#### Answer

See proof below.

#### Work Step by Step

For a product, we have at least two factors (a product of one term makes no sense), so we prove that the formula is true for any $n\geq 2$
$1. \ (\mathrm{b}\mathrm{a}\mathrm{s}\mathrm{e})$ Check that the formula holds for $n=2$.

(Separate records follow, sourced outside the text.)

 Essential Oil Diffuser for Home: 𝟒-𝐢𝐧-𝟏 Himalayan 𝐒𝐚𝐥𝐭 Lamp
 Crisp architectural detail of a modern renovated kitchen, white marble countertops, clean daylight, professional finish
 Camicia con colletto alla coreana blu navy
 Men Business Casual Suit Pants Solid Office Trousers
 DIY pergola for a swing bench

We are given by the problem text that
$f(x_{1}\cdot x_{2})=f(x_{1})+f(x_{2})$
$\qquad $
Yes, it is true when $n=2.$
$2. \ (\mathrm{s}\mathrm{t}\mathrm{e}\mathrm{p})$ Prove that IF the formula holds for any positive integer $n=k$, THEN it also holds for the next integer, $n=k+1$.

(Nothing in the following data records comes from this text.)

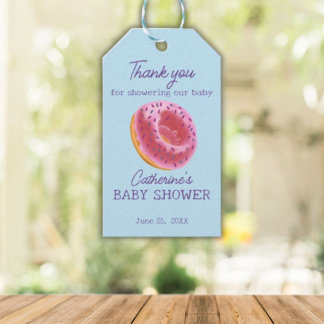 Étiquettes-cadeau Baby shower de beigne rose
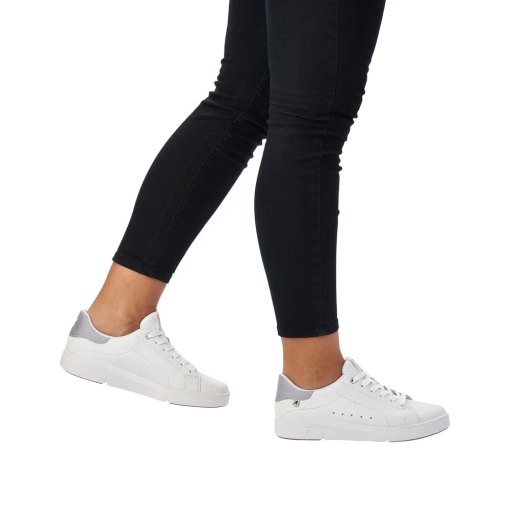 Pantofi Sport Damă Rieker 41902-80 Albi - Piele Naturală - MemoSoft - Img 10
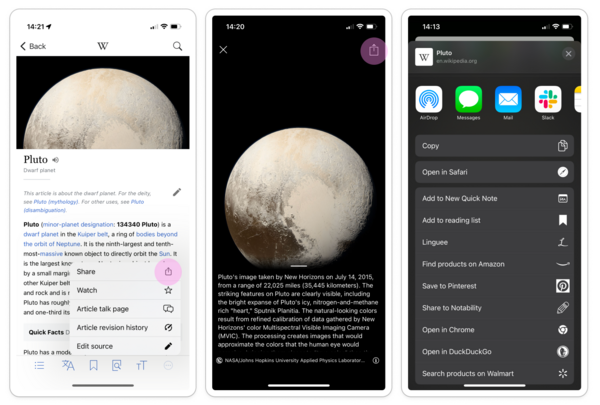 3 screenshots from the iOS app. First shows the Pluto article, with the overflow menu open, and Share highlighted. Second shows the full-screen view of the image of Pluto, with the Share option highlighted. Third shows the iOS system dialog for sharing.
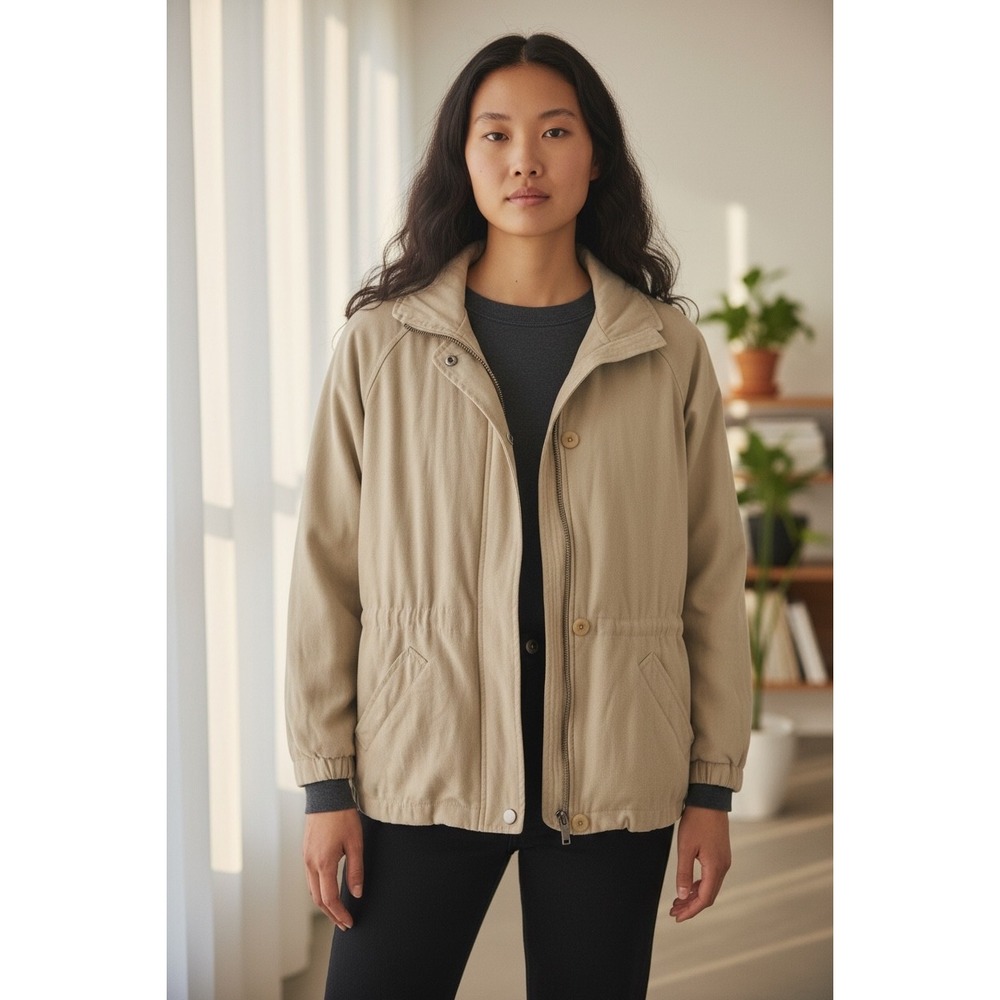 London Fog Womens Utility Jacket Removable Liner Drawstring Waist‎ Beige Preppy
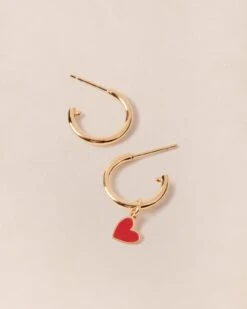 Les Créoles Carmen - Dorés à L'or Fin 24 Carats - 16 Mm -Bijoux Magasin PERMANENT BIJOUXDORES CreolesCarmenfantaisie dore M MedailloncoeurrougeManon emoiemoi 1042web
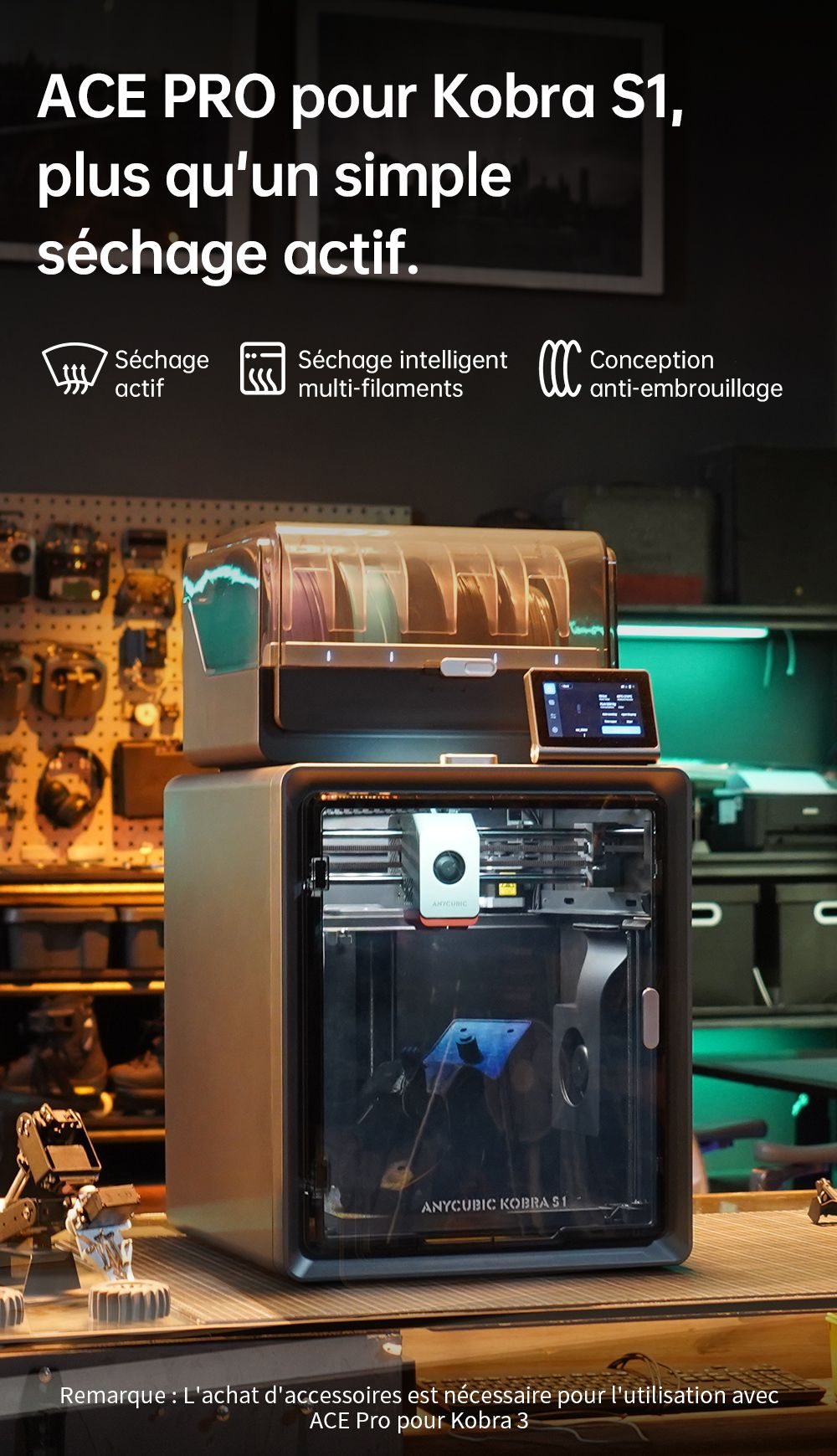 Stampante 3D ANYCUBIC KOBRA S1 COMBO, stampa a 8 colori vivaci, velocità super veloce 600 mm/s, livellamento automatico, testina di stampa 320°C, ultra silenziosa 44 dB, struttura CoreXY, 250 x 250 x 250 mm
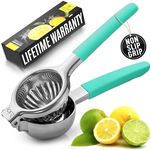 Zulay Lemon Squeezer Stainless Steel with Premium Heavy Duty Solid Metal Squeezer Bowl and Food Grade Silicone Handles - Large Manual Citrus Press Juicer and Lime Squeezer Stainless Steel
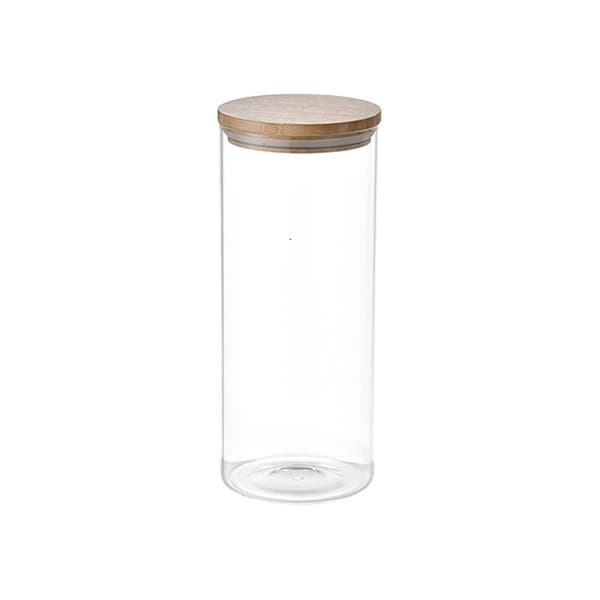 Set med 3 Burkar San Ignacio Glas Transparent Bambu - Hållbara och eleganta glasburkar för köket. Skydda dina livsmedel med stil.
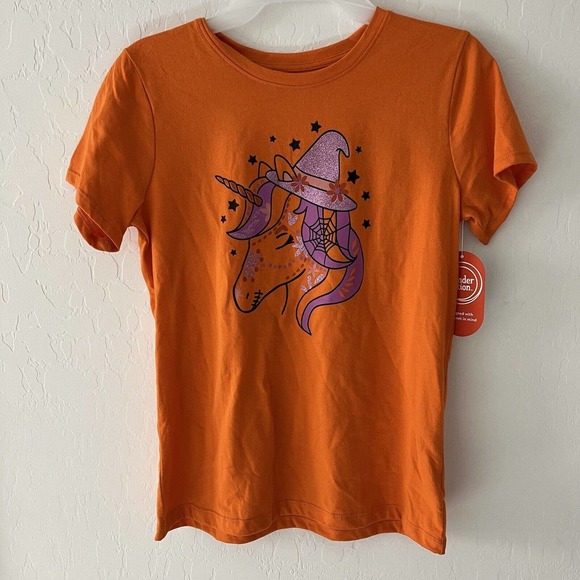 Wonder Nation Girls Orange Unicorn Witch Short Sleeve T Shirt, Size XXL (18) NEW - Picture 1 of 5
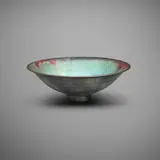 Gertrud and Otto Natzler, Flaring bowl, 1965, earthenware with Blue Green and Sang Reduction Fired glaze and melt fissures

Let us assume that for $n=k$,
$ f(x_{1}\cdot x_{2}\cdots\cdot x_{k})=f(x_{1})+f(x_{2})+\ldots+f(x_{k})$
(we call this the step hypothesis)
For $n=k+1$,
the LHS equals $f(x_{1}\cdot x_{2}\cdots\cdot x_{k}\cdot x_{k+1})$, which we rewrite as
$LHS= f[(x_{1}\cdot x_{2}\cdots\cdot x_{k})\cdot(x_{k+1})]$
$f $ of a product of TWO factors, for which we use the given formula
$=f(x_{1}\cdot x_{2}\cdots\cdot x_{k})+f(x_{k+1})$
the first term is, by the hypothesis, equal to $f(x_{1})+f(x_{2})+\ldots+f(x_{k})$
$=f(x_{1})+f(x_{2})+\ldots+f(x_{k})+f(x_{k+1})=RHS$ for $n=k+1$
which makes the formula true for $n=k+1.$
By mathematical induction, the formula is true for any integer $n\geq 2.$